Schwierige Zeiten – von Eckhard Ernst Kupfer*

Wenn man bedenkt, mit welchem Engagement der wichtigste brasilianische Historiker des 19. Jahrhunderts, Francisco Adolfo Varnhagen, der Visconde de Porto Seguro, bereits 1877 dafür eintrat, dass die Hauptstadt weg von der Küste ins Zentrum des Landes verlegt werden sollte und mit welcher Begeisterung Juscelino Kubitschek den Aufbau der neuen Hauptstadt in den 1950er Jahren vorantrieb, muss man sich heute fragen, ob es gut war den Politikern eine so weit vom realen Brasilien entfernte „Insel“ zu bauen.

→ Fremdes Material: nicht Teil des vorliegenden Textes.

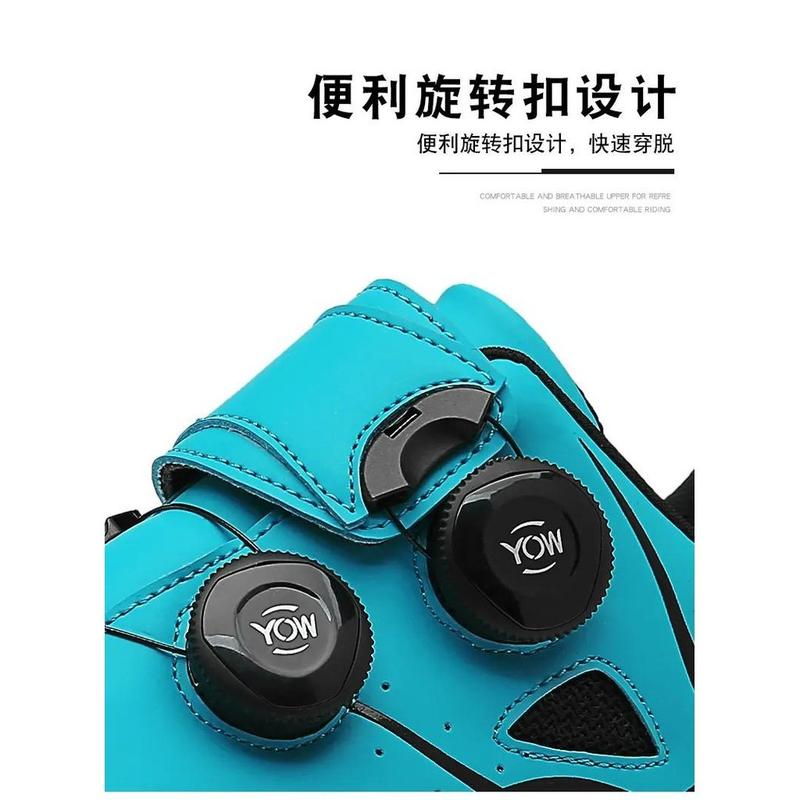 Product Introduction of Outdoor Cycling Shoes Bicycle Shoes Road Lock Shoes Lace-Free Cycling Shoes Rotating Button Mountain Cross Country Shoes Couple Sports Shoes Road Sole Bicycle Shoes Flat Shoes Outdoor Sports Shoes Rubber Outdoor Bicycle Shoes P 43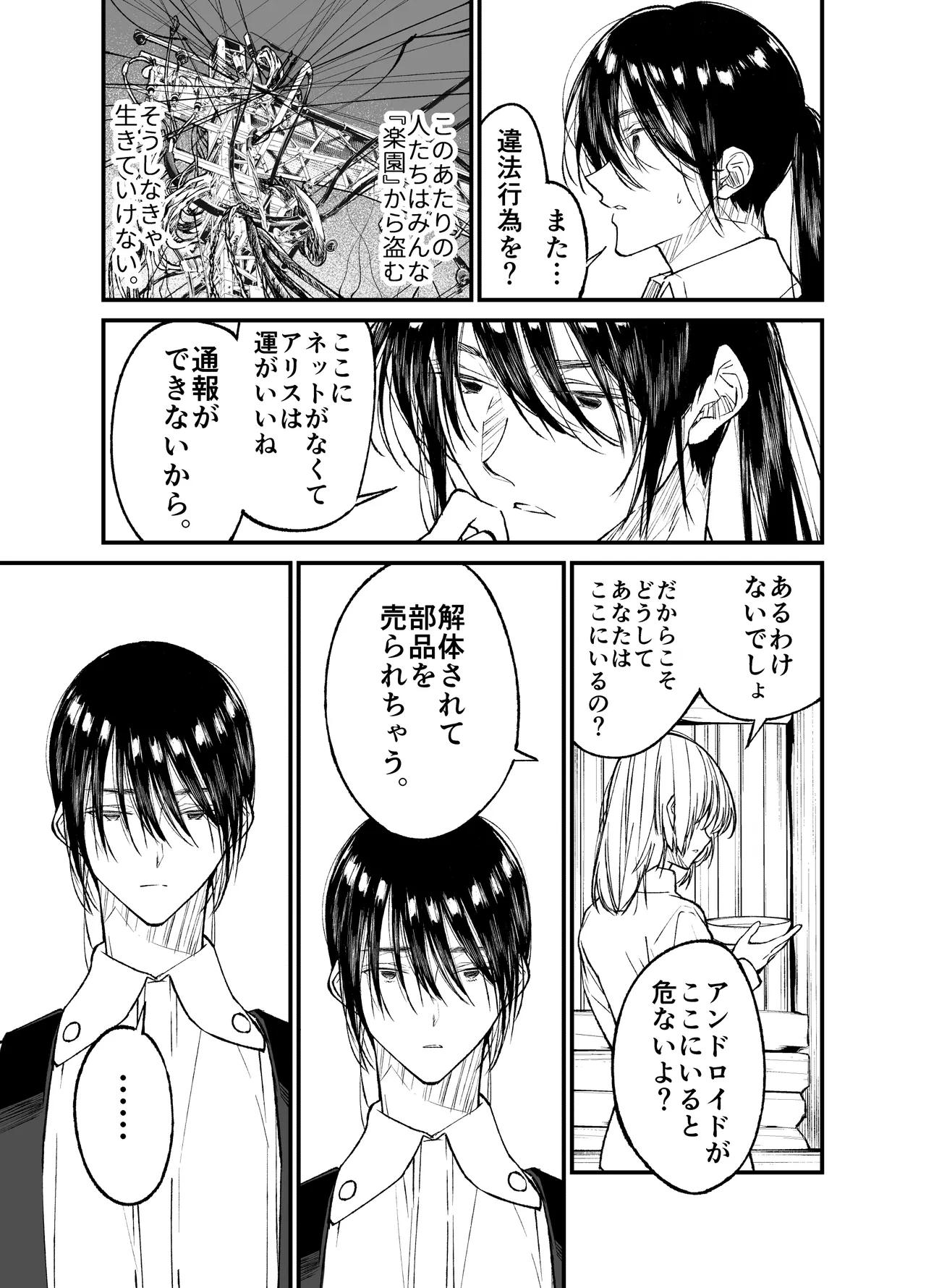 AI wa Anata no Yume wo Miru ka? - Page 14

Sie beschäftigen sich immer mehr mit sich selbst als mit den Sorgen des Landes, verschieben Ämter und Posten, lassen sich kaufen und kaufen Stimmen ein, alles nur zu ihrem eigenen Vorteil. Das Volk zu dessen Wohle sie dienen sollen, existiert in ihren Gedanken nur alle paar Jahre als Stimmvieh.

Wenn nun an diesem Wochenende über das Verbleiben der Präsidentin Dilma Rousseff im Amt entschieden wird, dann ist dies nur der vorläufige Höhepunkt einer am Volk und am Land vorbei geführten Politik. Seit ihrem Amtsantritt zur 2. Regierungsperiode steht die Präsidentin unter Beschuss, da es sich zeigte, dass die wirtschaftspolitische Richtung ihrer Partei und ihres Vorgängers systematisch auf einen Absturz ausgerichtet war.

Im ersten Jahrzehnt dieses Jahrhunderts lebte das Land auf der Woge der steigenden Preise für Rohprodukte, die der Weltmarkt haben wollte und teuer bezahlte. Mit den Einnahmen wurden Wahlgeschenke verteilt und Stimmen gekauft. Doch das Verteilungsfest ist zu Ende gegangen, die Töpfe sind leer, die Weltwirtschaft wächst nicht mehr, der Bedarf auch in China ist erst einmal gedeckt. So versuchte man Schulden zu kaschieren und Finanzlöcher mit Manipulation zu stopfen, das Resultat ist nun der Impeachmentprozess.

Dass bei dieser ganzen Geschichte aber die brasilianische Volkswirtschaft abschmiert, Investoren das Land verlassen, die Kaufkraft schwindet und Arbeitnehmer in Massen entlassen werden, das interessiert in Brasilia kaum jemand. Sie kämpfen derzeit einfach ums Überleben, da ja vielen die Polizei und die Justiz im Nacken sitzt. Schwierige Zeiten. Aber man hatte das in der Geschichte des Landes immer wieder erlebt: nach Getulio Vargas Selbstjustiz 1954, nach Janio Quadros unerklärtem Rücktritt 1961, nach der Machtübernahme der Militärs 1964 und nach dem Impeachment von Präsident Fernando Collor 1990. Es wird weitergehen, ob es besser wird? Das kann vielleicht nur eine „Mãe Santa“ vorhersehen.

*Eckhard Ernst Kupfer ist der Direktor des Martius-Staden-Instituts in São Paulo, Herausgeber der Jahrbücher des Instituts, Mitautor von “Fünf Jahrhunderte deutsch-brasilianische Beziehungen” und Kommentator der Radiosendung AHAI – bl. 05 – Die deutsche Stunde der Gemeinden – und Kolumnist bei www.brasilalemanha.com.br.